The Right to Actions, Not Results
How a 1,000 year old text could change the way you look at business
“The Right to Actions, Not Results.”
This is a quote from the Bhāgavata Purana, a sacred Hindu text from the year 1,000 CE (Common Era), but one that could be applied to today’s business world. While you may not be Hindi (myself included), it offers a fascinating way to approach what means most to you. In today's world, the reality is we are judged on results: whether it's sales, profitability, or deals closed, it makes no difference. What this quote offers is the perspective that we have no control or right to them at all. The only rights we have are to the actions that will bring those results. Sounds intuitive, but lets look a little deeper.
When we create something we are truly invested and committed to, there can be the belief that the results should be what we expect them to be. This can narrow focus, delay adjustments, and ultimately spell success or failure for your endeavor. When you remove these blinders and focus on the actions and dispel any expectations of their product, there is a freedom that allows for greater discovery and possibilities.
This can be applied to either your personal or business goals with the simply put: focus on the action, not the result. This approach is especially helpful for a goal that does not hold immediate return and requires sustained effort and commitment; requirements for any entrepreneurial pursuit. With a far off goal, the individual actions taken in the present directly influence the results in the future. While understanding and defining the end result is important, we can then identify the individual actions for its attainment.
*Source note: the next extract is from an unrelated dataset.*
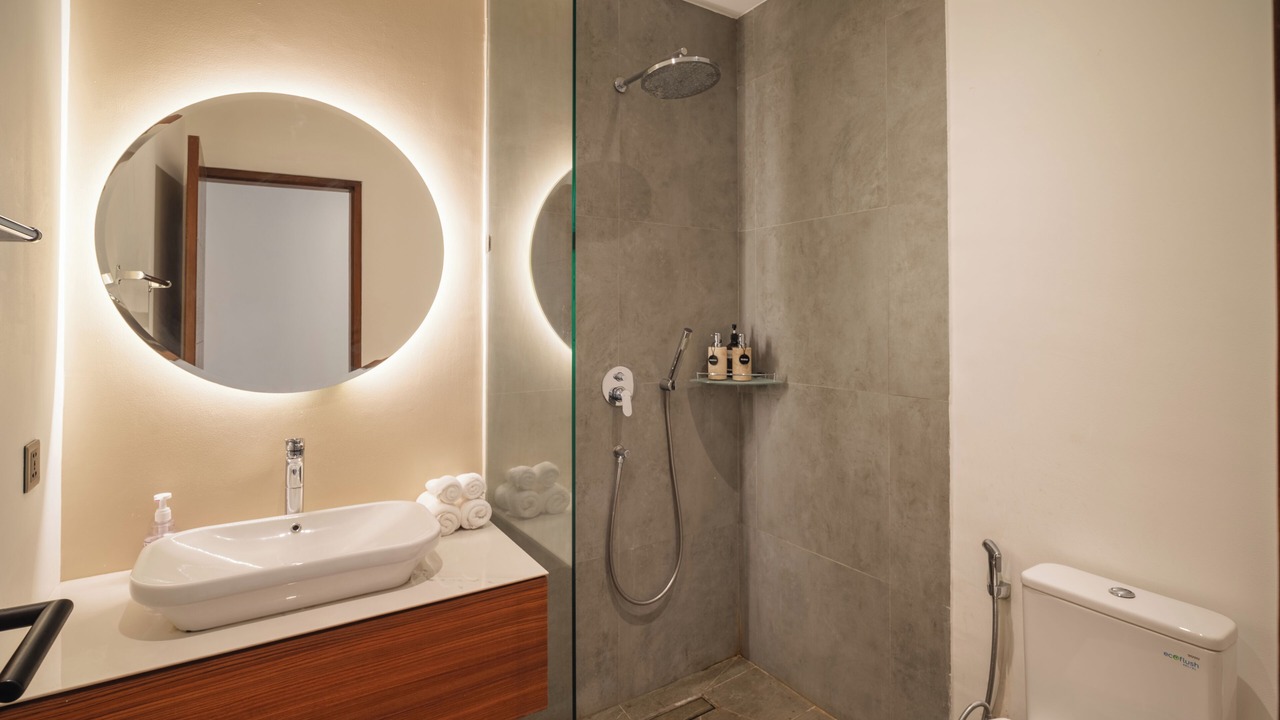 Photo of Bathroom in Batubelig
Let’s give an example I recently encountered. I consulted a start-up consumer products company that wanted to go from $8 million dollars per year to $20 million dollars per year in three years time. Management discussed with the sales staff to set targets, approach, etc. To their credit, they had a great product with a loyal following. Despite tremendous growth thus far, this focus on the result pushed many significant issues to the background from production to logistics to pricing to meet this 2.5x increase in sales.
The result was that these issues that always existed were magnified, margins plummeted as bulk sales required deep discounting, and cash flow issues surfaced as they were not properly staffed to handle the volume of invoicing and receivables. In short, it was disastrous and targets were not reached; I was brought in to make sense of it and find a way out. The post-mortem revealed that the brisk period of growth and demand for the product focused efforts on attaining results and not the action of addressing the issues plaguing the company. They had the right to action (fixing the company), but not the result (2.5x increase in sales).
For me personally as an entrepreneur, I keep this quote close to me, as I am sometimes thinking 10 steps ahead and striving to accomplish something quickly (the result) when the focus should be on the individual actions to achieve it. So whether it’s calling a potential client, making a presentation, or assembling a proposal, my focus is completely off the result.
My hope is that you find this quote as beneficial as I have and may add value should you find thinking too far ahead, as entrepreneurs tend to do.